Question

The number of photons emitted by a monochromatic (single frequency) infrared range finder of power 1 mW and wavelength of 1000 nm, in 0.1 second is \(x \times 10^{13}\). The value of x is _________. (Nearest integer)
(h = 6.63 \(\times\) 10\(^{-34}\) Js, c=3.00 \(\times\) 10\(^8\) ms\(^{-1}\))

Hint:

The number of photons emitted per second is simply the power of the source divided by the energy of one photon (\(N/t = P/E_p\)). You can calculate this rate first and then multiply by the time, or calculate the total energy first as done here. Both methods are equivalent.

Answer 1

Correct Answer: 50

Step 1: Understanding the Question:
We are given the power, wavelength, and time duration of an infrared source.
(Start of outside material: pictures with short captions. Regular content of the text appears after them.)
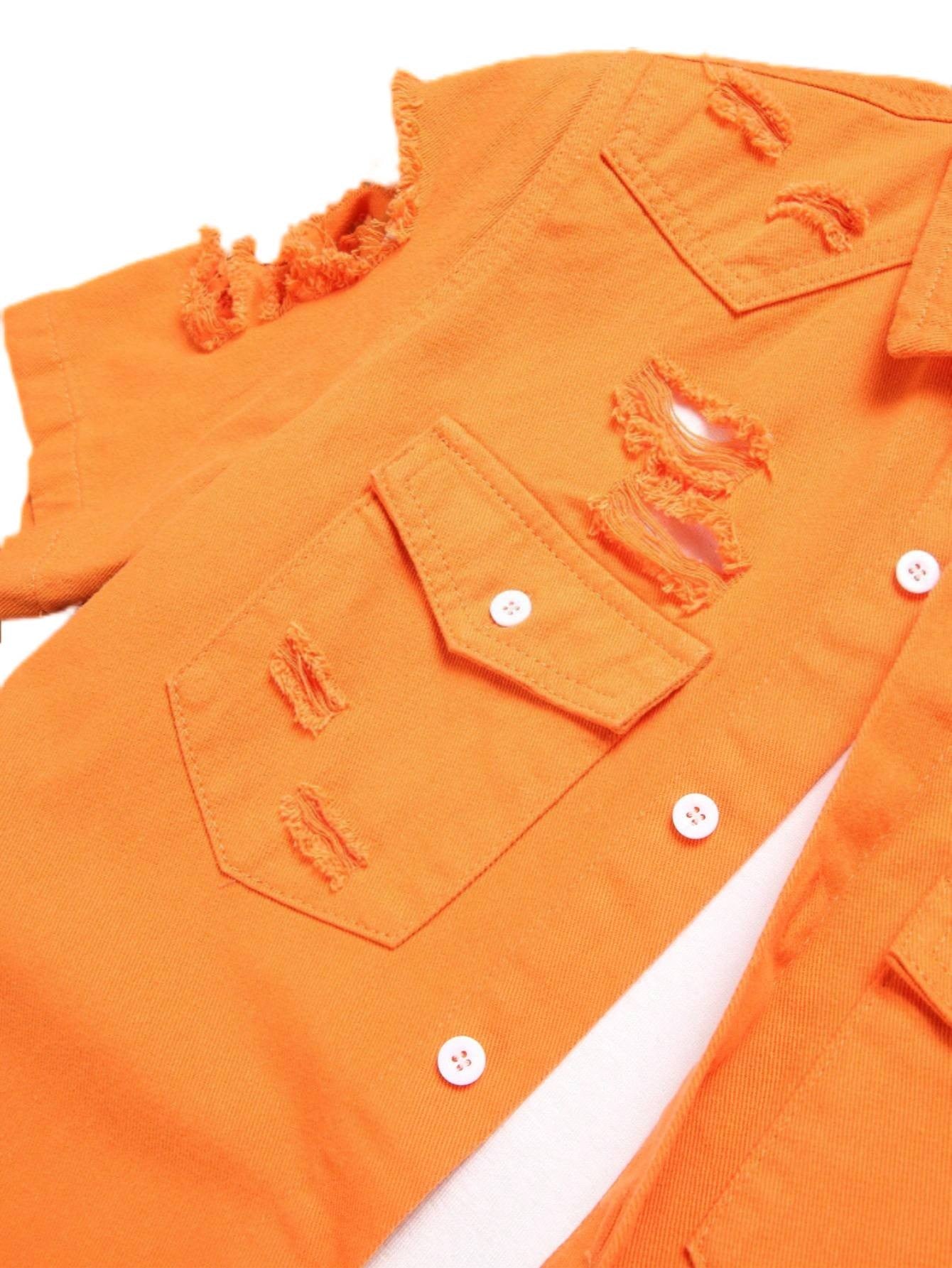Men's summer orange short - sleeved denim shirt with holes. In a stylish and casual style.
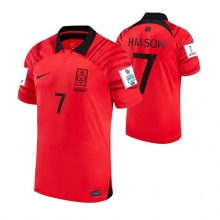 South Korea Son Heung-min #7 Home Stadium Replica Jersey World Cup 2022 Short Sleeves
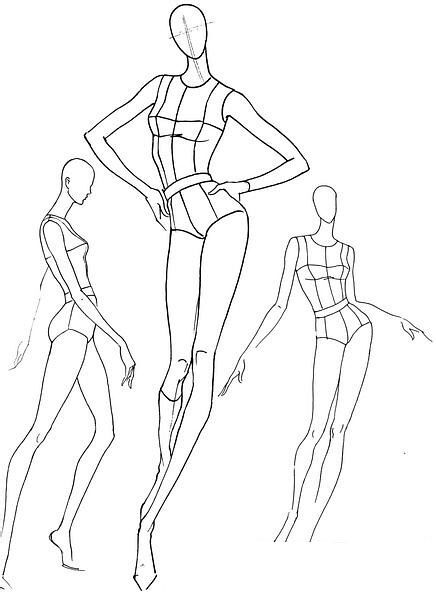 服装人体 女性18 服装设计图练习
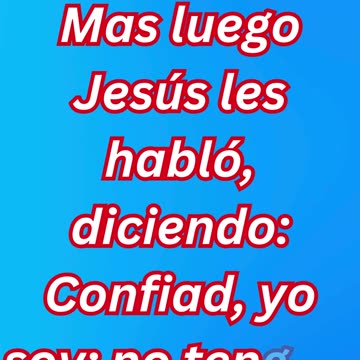 "Jesús Tranquiliza: No Teman, Soy Yo" Mateo 14:27.#shortvideo #short #youtubeshorts #ytshorts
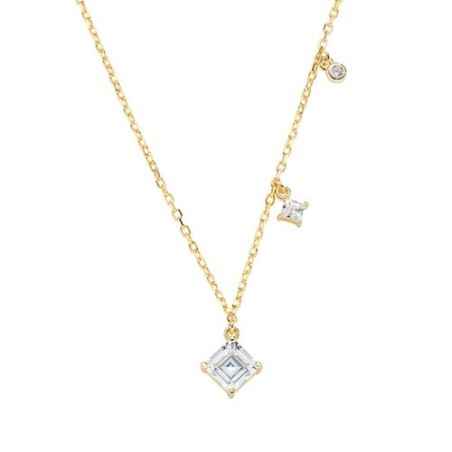 COLLANA DORATA TRIS DI ZIRCONI BIANCHI DONNA AMEN CL3DIGB3 Amen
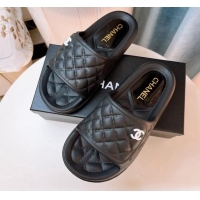 Stylish Chanel Quilted Leather Foldover Flat Slide Sandals 022748 Black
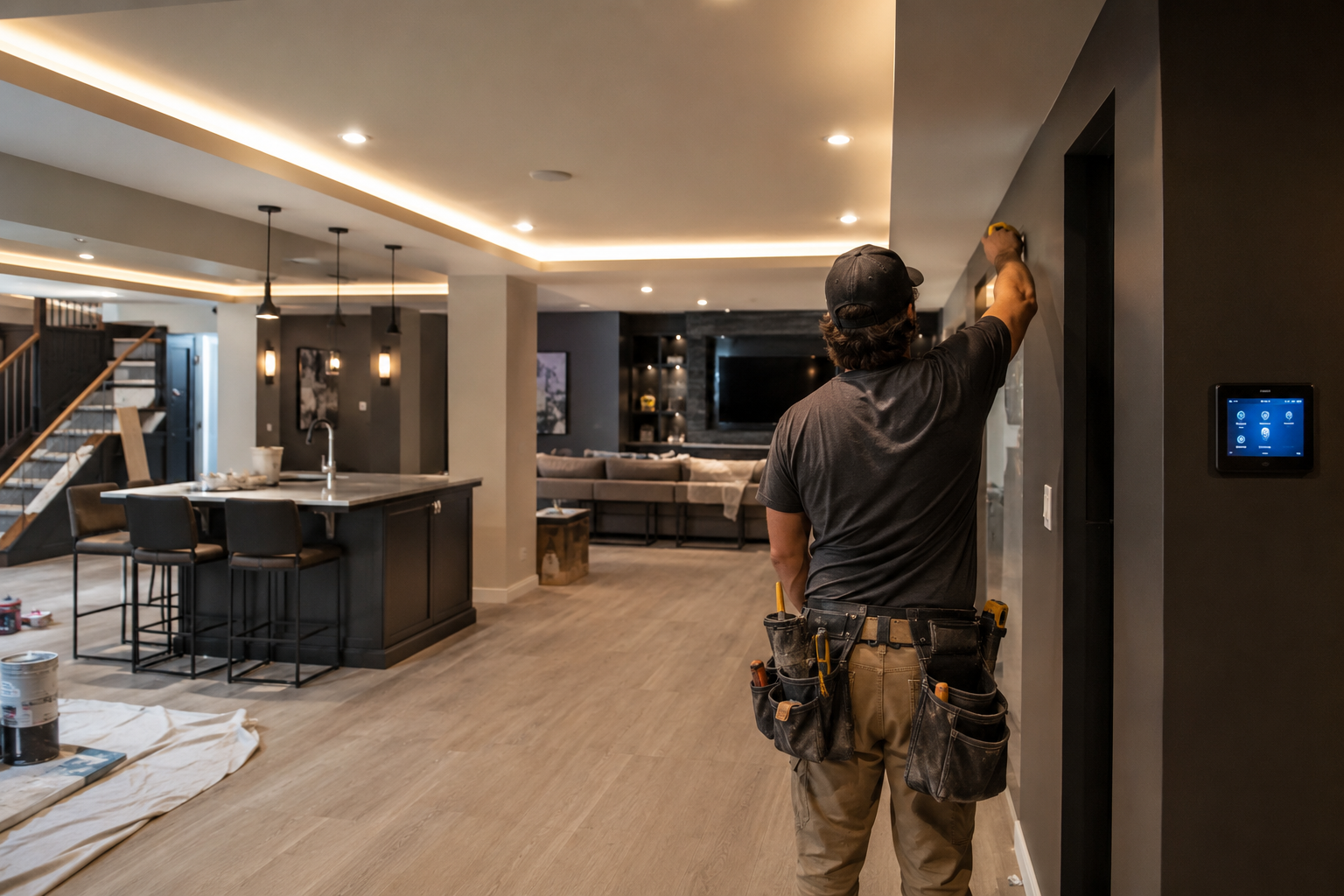 Elegant finished basement family room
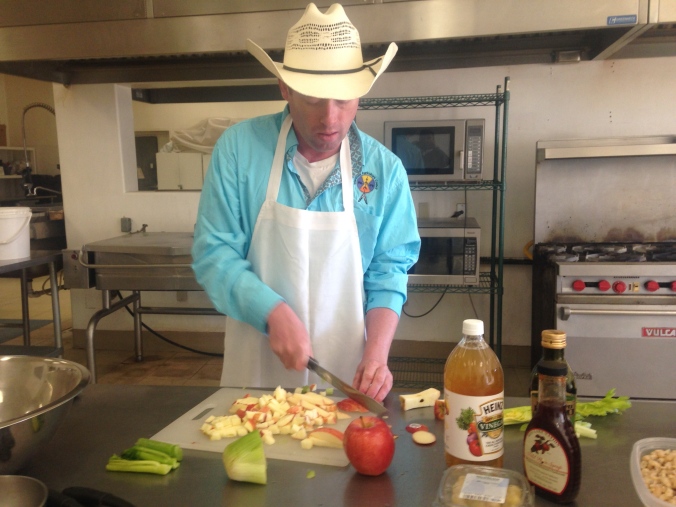 Dan preparing the Native Salad at the TCEDC kitchen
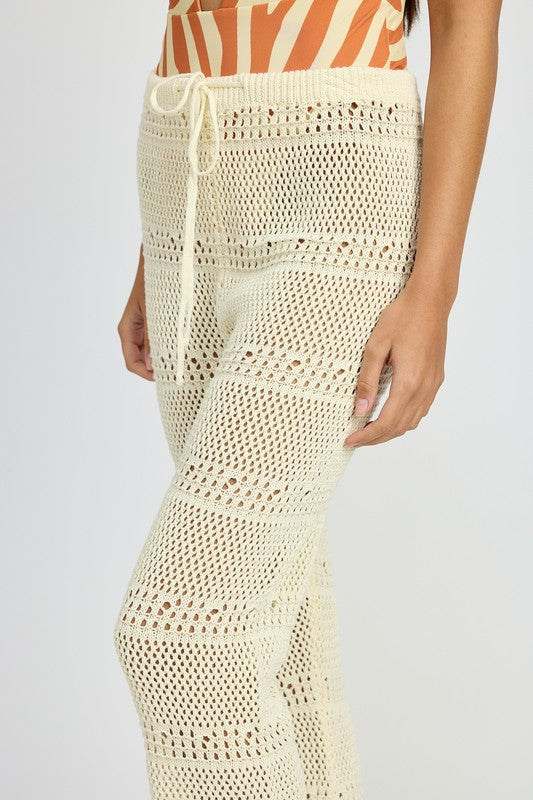 Emory Park Crochet Pants With Drawstrings in cream with open knit pattern and relaxed fit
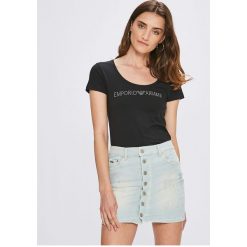 Emporio Armani - Top. Szare topy damskie marki Emporio Armani, s, z nadrukiem, z elastanu, z okrągłym kołnierzem. W wyprzedaży za 149,90 zł.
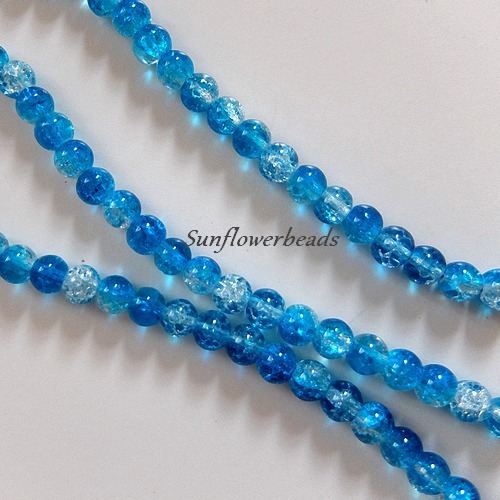  - 25 Crackle Perlen kristall und blau türkis, rund, Größe 6 mm zum Herstellen von Perlenschmuck 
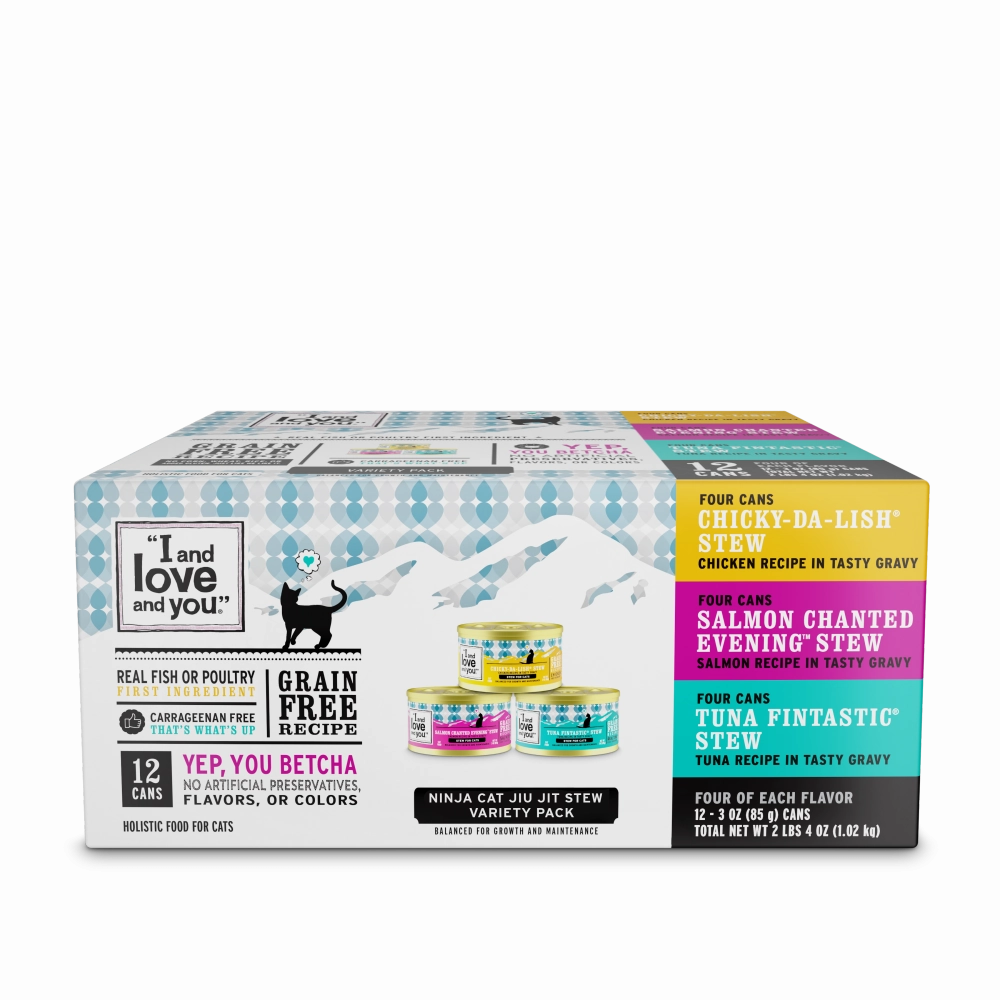 I and Love and You Chicky-Da-Lish, Salmon Chanted Evening and Tuna Fintastic Stew Multi-Pack Canned Cat Food cat calming diffuser cat stress relief anxiety cat treats cat relaxing spray pet mood aid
We need to calculate the total number of photons emitted in that time.
Step 2: Calculate the Energy of a Single Photon:
The energy of a single photon (E\(_p\)) is given by the Planck-Einstein relation:
\[ E_p = hf = \frac{hc}{\lambda} \] Given:
- \(h = 6.63 \times 10^{-34}\) Js
- \(c = 3.00 \times 10^8\) m/s
- \(\lambda = 1000\) nm = \(1000 \times 10^{-9}\) m = \(10^{-6}\) m
\[ E_p = \frac{(6.63 \times 10^{-34} \, \text{Js}) \times (3.00 \times 10^8 \, \text{m/s})}{10^{-6} \, \text{m}} = 1.989 \times 10^{-19} \, \text{J} \] Step 3: Calculate the Total Energy Emitted:
The total energy (E\(_t\)) emitted by the source is its power (P) multiplied by the time (t).
Given:
- \(P = 1\) mW = \(1 \times 10^{-3}\) W = \(1 \times 10^{-3}\) J/s
- \(t = 0.1\) s
\[ E_t = P \times t = (1 \times 10^{-3} \, \text{J/s}) \times (0.1 \, \text{s}) = 1 \times 10^{-4} \, \text{J} \] Step 4: Calculate the Number of Photons:
The total number of photons (N) is the total energy emitted divided by the energy of a single photon.
\[ N = \frac{E_t}{E_p} = \frac{1 \times 10^{-4} \, \text{J}}{1.989 \times 10^{-19} \, \text{J}} \approx 0.5027 \times 10^{15} = 5.027 \times 10^{14} \] Step 5: Find the value of x:
We are given that the number of photons is \(x \times 10^{13}\).
\[ 5.027 \times 10^{14} = x \times 10^{13} \] \[ 50.27 \times 10^{13} = x \times 10^{13} \] \[ x = 50.27 \] The value of x to the nearest integer is 50.